We have discarded some admittedly wonderful properties because they increase the likelihood of honest forks. To us, finality is more important. Still, we think they warrant the elaboration below.

In leader based consensus protocols, the role of a leader includes at least a choice of order on some set of data (usually a set of transactions), and often even a choice of the data itself (when the leader constructs the block it proposes). This choice has value and can be sold; it is often perceived as undesirable manipulation over consensus and we’d like to minimize its influence. Furthermore, this choice becomes more valuable if the leadership schedule is known in advance, because people can plan profitable manipulations in advance. Perhaps such creative schemes are best thwarted at the protocol level?

If information in a distributed system is available for only a short period, then different agents are likely to have conflicting information. This has advantages too. Start with a reasonable sounding property.

Globally unpredictable – can only calculate a future leader shortly before it acts.

A stronger locally unpredictable version is interesting, where it’s impossible to predict future personal results.

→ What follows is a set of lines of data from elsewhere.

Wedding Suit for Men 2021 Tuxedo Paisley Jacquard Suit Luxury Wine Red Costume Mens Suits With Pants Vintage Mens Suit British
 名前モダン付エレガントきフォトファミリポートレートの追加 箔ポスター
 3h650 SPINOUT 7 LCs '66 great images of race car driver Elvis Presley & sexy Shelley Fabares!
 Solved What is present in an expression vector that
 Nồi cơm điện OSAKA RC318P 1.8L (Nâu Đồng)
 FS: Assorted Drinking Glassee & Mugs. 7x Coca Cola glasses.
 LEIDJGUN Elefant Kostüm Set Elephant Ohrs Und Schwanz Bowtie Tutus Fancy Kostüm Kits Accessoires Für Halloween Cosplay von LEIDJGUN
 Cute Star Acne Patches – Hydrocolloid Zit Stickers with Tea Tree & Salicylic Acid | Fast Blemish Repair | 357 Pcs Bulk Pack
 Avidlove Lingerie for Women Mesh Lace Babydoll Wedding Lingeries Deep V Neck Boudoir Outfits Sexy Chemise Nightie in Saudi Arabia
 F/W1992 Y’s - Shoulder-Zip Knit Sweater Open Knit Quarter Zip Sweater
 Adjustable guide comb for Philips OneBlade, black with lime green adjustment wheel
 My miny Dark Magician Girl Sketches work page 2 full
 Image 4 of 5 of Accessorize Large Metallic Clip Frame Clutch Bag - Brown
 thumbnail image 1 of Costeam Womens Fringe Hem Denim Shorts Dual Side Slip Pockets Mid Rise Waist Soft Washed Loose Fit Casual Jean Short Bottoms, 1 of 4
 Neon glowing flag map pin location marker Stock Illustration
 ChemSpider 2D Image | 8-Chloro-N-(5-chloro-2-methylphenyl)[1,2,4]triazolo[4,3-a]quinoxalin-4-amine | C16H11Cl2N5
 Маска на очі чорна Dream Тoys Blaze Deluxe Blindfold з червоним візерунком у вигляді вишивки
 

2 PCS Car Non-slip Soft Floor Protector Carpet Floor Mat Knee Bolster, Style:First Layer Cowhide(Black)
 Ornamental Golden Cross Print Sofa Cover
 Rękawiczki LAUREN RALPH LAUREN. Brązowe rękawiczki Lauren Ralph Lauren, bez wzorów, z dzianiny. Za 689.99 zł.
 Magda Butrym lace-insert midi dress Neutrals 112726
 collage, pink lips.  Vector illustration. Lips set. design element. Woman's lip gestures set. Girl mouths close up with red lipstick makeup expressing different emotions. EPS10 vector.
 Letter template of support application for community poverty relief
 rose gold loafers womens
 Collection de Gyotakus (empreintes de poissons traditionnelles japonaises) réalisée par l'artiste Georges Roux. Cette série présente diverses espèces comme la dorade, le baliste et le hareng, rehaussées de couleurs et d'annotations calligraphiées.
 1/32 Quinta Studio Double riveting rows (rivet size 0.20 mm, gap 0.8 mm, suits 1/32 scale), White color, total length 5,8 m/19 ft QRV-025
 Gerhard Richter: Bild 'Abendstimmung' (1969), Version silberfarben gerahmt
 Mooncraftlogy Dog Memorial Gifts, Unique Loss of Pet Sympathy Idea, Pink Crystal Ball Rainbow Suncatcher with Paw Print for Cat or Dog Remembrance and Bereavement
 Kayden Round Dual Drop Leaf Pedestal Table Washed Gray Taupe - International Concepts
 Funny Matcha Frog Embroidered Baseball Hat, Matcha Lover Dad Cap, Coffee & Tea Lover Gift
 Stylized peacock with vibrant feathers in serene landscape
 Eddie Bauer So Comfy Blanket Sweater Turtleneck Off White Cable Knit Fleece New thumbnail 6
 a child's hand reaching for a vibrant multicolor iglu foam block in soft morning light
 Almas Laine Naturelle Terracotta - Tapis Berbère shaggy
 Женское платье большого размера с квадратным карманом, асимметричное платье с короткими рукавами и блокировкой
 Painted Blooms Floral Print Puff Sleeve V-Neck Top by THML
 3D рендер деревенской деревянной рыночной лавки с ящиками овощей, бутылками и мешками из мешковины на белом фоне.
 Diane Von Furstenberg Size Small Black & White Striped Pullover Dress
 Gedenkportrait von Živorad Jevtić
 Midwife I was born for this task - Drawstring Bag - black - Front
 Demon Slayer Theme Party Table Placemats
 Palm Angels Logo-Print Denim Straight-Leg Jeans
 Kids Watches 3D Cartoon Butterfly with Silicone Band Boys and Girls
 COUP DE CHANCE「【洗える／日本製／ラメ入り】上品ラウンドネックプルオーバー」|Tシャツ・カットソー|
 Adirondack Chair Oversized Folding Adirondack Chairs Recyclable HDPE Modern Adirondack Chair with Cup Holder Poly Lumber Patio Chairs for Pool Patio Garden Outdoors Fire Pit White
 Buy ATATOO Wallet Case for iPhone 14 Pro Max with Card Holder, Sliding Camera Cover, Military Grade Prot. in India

One can go even further with secret elections, where others’ results can never be calculated; the election outcome is decided only upon all candidates revealing their result.

Prioritized requirements for proof protocol

In Starknet, an L1 state transition requires an L1-verified proof to obtain L1-security. Since proofs are such a crucial component of the protocol, any decentralization requirement applies to the proof protocol. To this end we want a permissionless protocol. While a consensus protocol requires Sybil resistance for DDoS protection, a proof protocol has no analogue because proofs can not conflict with each other. Although PoS is tempting for strong accountability (as in the consensus protocol), it is not assumed. Instead we formulate a weaker version of the requirement, without specifying some resources underlying prover elections.

Strongly permissionless – participation does not require L2 consensus.

L1 state-updates must require sequencer consensus, so the proof protocol must in particular enforce proofs-of-consensus.

Proof of consensus – A proof submitted without proving sequencer consensus is rejected.

A permissionless protocol does little for decentralization if the most powerful machines monopolize proving. We therefore want it to be computationally accessible by enabling and incentivizing participation of machines of variable computational power.

High-value txs warrant the full economic backing of L1, for which the users may wait. We are fine with hourly L1 finality, so that latency between a proof job and its completion is incentivized to be at most a few hours.

While STARK proofs cannot be forged, malicious inactivity is still possible (recall the dynamic participation model allows for honest inactivity). The protocol should be resilient against such inactivity attacks and/or disincentivize them. For the former: it would be nice to have an adaptive protocol which is live under L2 network partitions and inactivity.

Summary

In this introductory post we have outlined some thoughts and requirements for a decentralized Starknet. The next post will dive into these thoughts in more detail, focusing on open questions pertaining to consensus and the behavior of provers in the protocol. The last post will describe a concrete suggestion for a leader election protocol.

Appendices

Appendix I – Network behavior

We work under the partially synchronous model of communication and take interest in dynamic participation. The definitions are recorded below for completeness.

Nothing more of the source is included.